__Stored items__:
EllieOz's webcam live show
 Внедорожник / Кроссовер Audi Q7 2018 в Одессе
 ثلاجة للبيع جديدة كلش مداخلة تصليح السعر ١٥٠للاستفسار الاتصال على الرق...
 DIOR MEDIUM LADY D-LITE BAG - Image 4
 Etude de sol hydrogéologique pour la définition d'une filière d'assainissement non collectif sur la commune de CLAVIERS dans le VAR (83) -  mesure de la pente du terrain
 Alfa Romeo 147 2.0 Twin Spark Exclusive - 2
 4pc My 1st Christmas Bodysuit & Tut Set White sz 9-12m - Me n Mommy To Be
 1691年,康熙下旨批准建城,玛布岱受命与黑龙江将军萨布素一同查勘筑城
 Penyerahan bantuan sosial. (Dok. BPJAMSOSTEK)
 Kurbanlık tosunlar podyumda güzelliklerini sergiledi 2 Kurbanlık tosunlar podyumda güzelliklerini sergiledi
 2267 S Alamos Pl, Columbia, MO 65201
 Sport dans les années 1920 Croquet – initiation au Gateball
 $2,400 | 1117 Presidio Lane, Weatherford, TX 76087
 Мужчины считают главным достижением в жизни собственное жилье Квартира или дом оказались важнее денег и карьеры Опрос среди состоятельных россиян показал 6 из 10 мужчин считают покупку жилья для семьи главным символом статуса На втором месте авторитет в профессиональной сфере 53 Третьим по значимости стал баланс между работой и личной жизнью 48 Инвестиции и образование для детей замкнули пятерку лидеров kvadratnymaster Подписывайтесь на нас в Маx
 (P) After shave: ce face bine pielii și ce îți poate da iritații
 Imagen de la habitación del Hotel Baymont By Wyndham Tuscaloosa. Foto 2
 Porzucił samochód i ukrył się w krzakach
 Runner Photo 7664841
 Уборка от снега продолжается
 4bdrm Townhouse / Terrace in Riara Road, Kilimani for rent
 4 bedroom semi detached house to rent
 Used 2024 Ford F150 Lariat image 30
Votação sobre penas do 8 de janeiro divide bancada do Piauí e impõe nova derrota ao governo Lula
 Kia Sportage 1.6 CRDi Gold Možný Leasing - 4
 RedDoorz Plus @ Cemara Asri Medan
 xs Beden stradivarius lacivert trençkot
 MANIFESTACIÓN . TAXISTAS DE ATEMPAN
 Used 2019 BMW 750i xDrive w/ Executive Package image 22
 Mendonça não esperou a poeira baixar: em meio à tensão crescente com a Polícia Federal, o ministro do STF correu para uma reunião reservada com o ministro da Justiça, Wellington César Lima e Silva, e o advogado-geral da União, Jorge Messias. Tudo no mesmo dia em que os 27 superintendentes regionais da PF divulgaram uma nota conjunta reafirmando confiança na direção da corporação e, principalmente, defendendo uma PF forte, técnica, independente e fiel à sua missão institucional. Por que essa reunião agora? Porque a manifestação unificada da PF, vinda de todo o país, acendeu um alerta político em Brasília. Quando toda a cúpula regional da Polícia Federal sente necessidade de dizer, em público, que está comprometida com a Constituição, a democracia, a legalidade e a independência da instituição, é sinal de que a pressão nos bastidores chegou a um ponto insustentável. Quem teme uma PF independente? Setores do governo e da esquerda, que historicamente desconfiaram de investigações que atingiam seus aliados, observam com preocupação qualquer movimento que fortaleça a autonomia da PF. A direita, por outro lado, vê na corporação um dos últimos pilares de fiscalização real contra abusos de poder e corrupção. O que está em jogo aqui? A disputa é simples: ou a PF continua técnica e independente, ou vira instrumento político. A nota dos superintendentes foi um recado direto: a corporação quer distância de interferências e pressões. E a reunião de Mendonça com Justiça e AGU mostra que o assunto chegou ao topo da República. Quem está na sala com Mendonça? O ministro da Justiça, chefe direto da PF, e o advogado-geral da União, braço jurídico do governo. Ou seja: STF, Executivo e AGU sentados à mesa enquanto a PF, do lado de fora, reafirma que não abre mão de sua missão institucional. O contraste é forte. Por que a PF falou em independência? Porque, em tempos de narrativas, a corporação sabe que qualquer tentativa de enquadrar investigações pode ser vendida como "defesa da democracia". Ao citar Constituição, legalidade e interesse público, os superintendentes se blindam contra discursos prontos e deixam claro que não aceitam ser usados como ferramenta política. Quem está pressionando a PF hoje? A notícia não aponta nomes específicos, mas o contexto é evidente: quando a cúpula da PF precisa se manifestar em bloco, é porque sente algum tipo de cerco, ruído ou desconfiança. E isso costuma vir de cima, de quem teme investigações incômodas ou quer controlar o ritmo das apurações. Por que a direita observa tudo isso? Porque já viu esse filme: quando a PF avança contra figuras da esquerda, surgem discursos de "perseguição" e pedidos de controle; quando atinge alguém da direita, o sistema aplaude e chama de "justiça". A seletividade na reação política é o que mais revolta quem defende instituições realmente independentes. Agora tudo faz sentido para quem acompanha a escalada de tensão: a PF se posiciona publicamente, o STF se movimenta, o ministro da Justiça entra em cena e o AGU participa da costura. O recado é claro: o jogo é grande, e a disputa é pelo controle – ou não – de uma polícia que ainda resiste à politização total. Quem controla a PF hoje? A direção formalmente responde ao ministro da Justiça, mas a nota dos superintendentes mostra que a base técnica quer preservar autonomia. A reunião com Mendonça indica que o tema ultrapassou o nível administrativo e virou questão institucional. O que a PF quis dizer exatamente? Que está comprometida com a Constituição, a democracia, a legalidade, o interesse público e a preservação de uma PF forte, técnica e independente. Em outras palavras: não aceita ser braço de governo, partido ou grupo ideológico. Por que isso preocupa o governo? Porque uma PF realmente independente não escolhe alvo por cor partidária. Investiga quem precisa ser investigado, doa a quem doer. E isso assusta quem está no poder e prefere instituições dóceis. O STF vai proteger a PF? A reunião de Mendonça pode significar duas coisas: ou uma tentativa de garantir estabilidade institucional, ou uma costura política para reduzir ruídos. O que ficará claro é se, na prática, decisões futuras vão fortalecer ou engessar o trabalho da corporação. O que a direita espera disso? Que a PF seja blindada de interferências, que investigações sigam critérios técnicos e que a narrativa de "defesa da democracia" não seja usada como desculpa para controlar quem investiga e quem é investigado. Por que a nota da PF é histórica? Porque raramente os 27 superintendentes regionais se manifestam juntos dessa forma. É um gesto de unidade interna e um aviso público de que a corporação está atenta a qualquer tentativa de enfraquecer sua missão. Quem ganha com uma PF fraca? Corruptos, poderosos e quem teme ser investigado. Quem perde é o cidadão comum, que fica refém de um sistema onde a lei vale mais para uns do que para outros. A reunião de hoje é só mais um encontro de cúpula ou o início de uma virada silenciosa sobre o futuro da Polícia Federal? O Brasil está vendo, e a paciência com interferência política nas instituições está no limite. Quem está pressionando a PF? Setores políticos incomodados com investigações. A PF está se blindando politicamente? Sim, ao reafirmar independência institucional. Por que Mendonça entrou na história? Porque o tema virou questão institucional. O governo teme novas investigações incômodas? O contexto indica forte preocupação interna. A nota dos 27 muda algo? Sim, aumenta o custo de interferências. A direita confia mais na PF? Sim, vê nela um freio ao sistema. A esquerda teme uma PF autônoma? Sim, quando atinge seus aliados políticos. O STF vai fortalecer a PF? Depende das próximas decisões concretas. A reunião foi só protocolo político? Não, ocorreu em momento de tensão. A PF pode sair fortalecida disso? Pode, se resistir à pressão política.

__What to produce__: Begin at the top of the records above and quote each line exactly, ending with the line that contains "DIOR MEDIUM LADY D-LITE BAG - Image 4".

__Answer section__:
EllieOz's webcam live show
 Внедорожник / Кроссовер Audi Q7 2018 в Одессе
 ثلاجة للبيع جديدة كلش مداخلة تصليح السعر ١٥٠للاستفسار الاتصال على الرق...
 DIOR MEDIUM LADY D-LITE BAG - Image 4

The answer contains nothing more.